Article Title



Cardiovascular disease (CVD) is the number one cause of death in the developed world, accounting for 30% of deaths. Individuals with Spinal Cord Injuries (SCI) are at higher risk, with 40% of deaths being attributable to CVD. With a special population such as SCI’s that cannot gain the same cardiovascular benefits of exercise that able-bodied (AB) individuals can, chronic passive heat therapy (CHT) becomes a possible substitute. A determining risk factor of cardiovascular disease is increased arterial stiffness, and pulse wave velocity (PWV) is a proven method for assessing arterial stiffness. PURPOSE: To examine the effect of 8 weeks of CHT on aortic and leg PWV in both AB and SCI subjects. METHODS: Seven subjects (2 male AB, 4 female AB, 1 male SCI; ages 22 ± 1 yrs, BMI 22 ± 1 m2/kg), completed 8 weeks of CHT, consisting of 4-5 sessions a week (36 sessions total) in a 40.5°C hot tub to maintain rectal temperature between 38.5-39.0°C for 60 min. At 0 and 8 weeks, PWV was assessed using applanation tonometry, with probes placed over the common carotid and common femoral arteries (C-F, aortic) and common femoral and posterior tibial arteries (F-A, leg). The measured distance between the two probes was divided by the time delay between pulses to give the PWV. Data are mean ± S.E. cm/sec. RESULTS: Following 8 weeks of CHT, C-F PWV decreased from 687 to 652 cm/s (p=0.12) in AB subjects and from 773 to 720 cm/sec in the SCI subject, indicating a trend towards reduced aortic arterial stiffness. There was no change in F-A PWV’s in AB subjects (949 to 976 cm/sec, p=0.47), but leg PWV substantially improved in the SCI subject from 1,034 to 806 cm/sec.
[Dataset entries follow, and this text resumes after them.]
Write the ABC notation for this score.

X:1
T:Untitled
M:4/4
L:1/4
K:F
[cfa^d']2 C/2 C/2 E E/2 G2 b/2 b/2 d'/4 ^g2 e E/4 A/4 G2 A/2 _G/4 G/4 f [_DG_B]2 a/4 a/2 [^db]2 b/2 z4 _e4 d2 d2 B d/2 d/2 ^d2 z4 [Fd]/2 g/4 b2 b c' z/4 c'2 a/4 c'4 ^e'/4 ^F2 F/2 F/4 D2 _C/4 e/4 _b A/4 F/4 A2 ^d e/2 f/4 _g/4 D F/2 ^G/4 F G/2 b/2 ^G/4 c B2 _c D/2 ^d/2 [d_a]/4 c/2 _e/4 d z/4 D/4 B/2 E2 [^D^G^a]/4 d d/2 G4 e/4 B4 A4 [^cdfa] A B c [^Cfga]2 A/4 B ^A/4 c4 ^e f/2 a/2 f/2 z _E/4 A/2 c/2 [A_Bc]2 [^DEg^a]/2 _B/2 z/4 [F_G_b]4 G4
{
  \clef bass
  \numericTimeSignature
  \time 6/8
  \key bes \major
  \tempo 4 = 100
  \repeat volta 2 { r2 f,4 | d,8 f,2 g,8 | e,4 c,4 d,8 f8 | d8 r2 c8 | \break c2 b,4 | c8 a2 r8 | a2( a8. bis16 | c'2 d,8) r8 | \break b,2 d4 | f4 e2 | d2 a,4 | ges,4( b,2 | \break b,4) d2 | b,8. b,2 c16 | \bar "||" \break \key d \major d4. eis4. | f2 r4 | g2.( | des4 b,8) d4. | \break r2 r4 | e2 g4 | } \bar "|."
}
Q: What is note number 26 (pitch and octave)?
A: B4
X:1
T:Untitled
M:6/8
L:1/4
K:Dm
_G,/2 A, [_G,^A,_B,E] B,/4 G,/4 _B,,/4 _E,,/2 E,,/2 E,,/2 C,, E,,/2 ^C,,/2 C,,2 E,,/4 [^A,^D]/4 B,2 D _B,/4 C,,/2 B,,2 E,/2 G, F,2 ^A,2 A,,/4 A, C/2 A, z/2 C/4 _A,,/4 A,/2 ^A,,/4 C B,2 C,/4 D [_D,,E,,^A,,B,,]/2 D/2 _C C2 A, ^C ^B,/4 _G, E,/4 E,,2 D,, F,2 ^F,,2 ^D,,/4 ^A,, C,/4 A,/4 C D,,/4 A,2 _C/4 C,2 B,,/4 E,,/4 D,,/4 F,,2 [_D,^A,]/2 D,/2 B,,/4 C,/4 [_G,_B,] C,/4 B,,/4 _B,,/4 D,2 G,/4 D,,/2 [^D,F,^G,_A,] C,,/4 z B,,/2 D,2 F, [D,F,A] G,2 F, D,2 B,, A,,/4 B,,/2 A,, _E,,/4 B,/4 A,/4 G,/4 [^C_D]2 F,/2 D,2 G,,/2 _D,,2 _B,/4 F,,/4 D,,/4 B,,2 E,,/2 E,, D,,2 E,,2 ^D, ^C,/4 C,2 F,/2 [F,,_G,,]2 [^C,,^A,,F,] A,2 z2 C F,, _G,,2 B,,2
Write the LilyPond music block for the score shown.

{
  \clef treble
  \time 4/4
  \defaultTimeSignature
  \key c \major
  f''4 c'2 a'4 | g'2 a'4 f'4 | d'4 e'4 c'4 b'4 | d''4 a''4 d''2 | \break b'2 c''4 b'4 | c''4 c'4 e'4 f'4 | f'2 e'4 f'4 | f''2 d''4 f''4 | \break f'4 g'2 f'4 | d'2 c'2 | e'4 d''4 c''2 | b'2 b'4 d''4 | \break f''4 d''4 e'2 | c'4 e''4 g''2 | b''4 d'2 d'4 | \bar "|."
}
CONCLUSION: Based on our preliminary data, CHT reduces aortic arterial stiffness in both AB and SCI subjects, indicating reduced cardiovascular risk. Of note, the greatest improvement observed was that of F-A PWV in the SCI subject. As such, CHT shows great promise for improving cardiovascular health in individuals with SCI, and may provide a novel therapeutic approach for other special populations to reduce cardiovascular disease risk, such as the obese and diabetics.